To prevail in a disparate treatment claim such as this, complainant

must satisfy the three-part evidentiary scheme fashioned by the Supreme

Court in McDonnell Douglas Corp. v. Green, 411 U.S. 792 (1973). He

must generally establish a prima facie case by demonstrating that

he was subjected to an adverse employment action under circumstances

that would support an inference of discrimination. Furnco Construction

Co. v. Waters, 438 U.S. 567, 576 (1978). The prima facie inquiry may be

dispensed with in this case, however, since the agency has articulated

legitimate and nondiscriminatory reasons for its conduct. See United

States Postal Service Board of Governors v. Aikens, 460 U.S. 711,

713-17 (1983); Holley v. Department of Veterans Affairs, EEOC Request

No. 05950842 (November 13, 1997). To ultimately prevail, complainant must

prove, by a preponderance of the evidence, that the agency's explanation

is a pretext for discrimination. Reeves v. Sanderson Plumbing Products,

Inc., 530 U.S. 133, 120 S.Ct. 2097 (2000); St. Mary's Honor Center

v. Hicks, 509 U.S. 502, 519 (1993); Texas Department of Community

Affairs v. Burdine, 450 U.S. 248, 256 (1981); Holley v. Department of

Veterans Affairs, EEOC Request No. 05950842 (November 13, 1997); Pavelka

v. Department of the Navy, EEOC Request No. 05950351 (December 14, 1995).

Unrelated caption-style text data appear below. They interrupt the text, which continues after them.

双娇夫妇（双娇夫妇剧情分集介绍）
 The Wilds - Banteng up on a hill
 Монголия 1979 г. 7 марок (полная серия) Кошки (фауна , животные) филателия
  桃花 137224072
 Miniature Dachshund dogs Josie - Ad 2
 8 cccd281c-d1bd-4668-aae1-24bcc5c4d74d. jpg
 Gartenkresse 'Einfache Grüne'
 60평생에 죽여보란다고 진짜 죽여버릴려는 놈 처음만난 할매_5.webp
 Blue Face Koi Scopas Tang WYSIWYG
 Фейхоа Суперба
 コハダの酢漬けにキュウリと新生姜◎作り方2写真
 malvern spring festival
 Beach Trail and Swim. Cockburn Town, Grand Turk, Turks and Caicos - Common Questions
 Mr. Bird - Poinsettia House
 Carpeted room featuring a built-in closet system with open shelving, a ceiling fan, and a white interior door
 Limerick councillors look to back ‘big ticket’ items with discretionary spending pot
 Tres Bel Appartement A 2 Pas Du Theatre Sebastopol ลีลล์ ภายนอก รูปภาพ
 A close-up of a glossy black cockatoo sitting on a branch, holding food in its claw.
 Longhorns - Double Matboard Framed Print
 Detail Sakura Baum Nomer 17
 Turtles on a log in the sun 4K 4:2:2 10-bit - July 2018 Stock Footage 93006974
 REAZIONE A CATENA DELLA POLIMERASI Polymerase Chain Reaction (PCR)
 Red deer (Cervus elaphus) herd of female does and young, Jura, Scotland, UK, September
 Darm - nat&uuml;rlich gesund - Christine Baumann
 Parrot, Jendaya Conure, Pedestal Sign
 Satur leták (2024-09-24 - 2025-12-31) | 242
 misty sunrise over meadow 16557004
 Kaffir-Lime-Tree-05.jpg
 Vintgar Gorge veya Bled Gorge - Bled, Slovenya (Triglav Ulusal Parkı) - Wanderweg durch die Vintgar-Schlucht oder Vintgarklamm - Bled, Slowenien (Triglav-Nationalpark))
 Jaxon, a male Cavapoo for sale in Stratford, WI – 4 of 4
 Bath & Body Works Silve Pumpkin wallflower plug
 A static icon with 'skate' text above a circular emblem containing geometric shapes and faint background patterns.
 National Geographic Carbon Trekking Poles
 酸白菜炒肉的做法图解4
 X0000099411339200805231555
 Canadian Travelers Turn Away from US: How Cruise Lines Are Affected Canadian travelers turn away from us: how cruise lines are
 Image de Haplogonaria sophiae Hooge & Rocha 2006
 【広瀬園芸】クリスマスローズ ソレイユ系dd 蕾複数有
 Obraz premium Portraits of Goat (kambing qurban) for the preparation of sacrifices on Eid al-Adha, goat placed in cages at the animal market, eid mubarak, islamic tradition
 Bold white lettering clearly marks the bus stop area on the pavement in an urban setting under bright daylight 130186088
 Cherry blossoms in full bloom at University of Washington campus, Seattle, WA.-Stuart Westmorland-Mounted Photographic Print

On appeal, complainant questions, inter alia, the AD's testimony that

one of the higher-rated employees performed more than twice the number

of inspections than he and the other conducted 25% more inspections,

including two significant cases, which are cases where penalties in excess

of $100,000 are issued. Complainant asserts that this evidence is not

credible because it is subjective. However, as the agency asserted, the

AD's testimony regarding his evaluation of the employees is competent

evidence. Thus, the AD and other managers had objective standards by

which to measure employees' performance of investigations and cases,

and the AD provided unchallenged testimony that, when considered under

those standards, the performance of the two employees who received higher

ratings and bonuses was superior to complainant's. Further, beyond his

bare assertions, complainant has not produced evidence to show that the

agency's explanations are a pretext for discrimination.

After a review of the record in its entirety, including consideration

of all statements submitted on appeal, it is the decision of the Equal

Employment Opportunity Commission to affirm the agency's final decision

because the preponderance of the evidence of record does not establish

that discrimination occurred.

STATEMENT OF RIGHTS - ON APPEAL

RECONSIDERATION (M1208)

The Commission may, in its discretion, reconsider the decision in this

case if the complainant or the agency submits a written request containing

arguments or evidence which tend to establish that:

1. The appellate decision involved a clearly erroneous interpretation

of material fact or law; or

2. The appellate decision will have a substantial impact on the

policies, practices, or operations of the agency.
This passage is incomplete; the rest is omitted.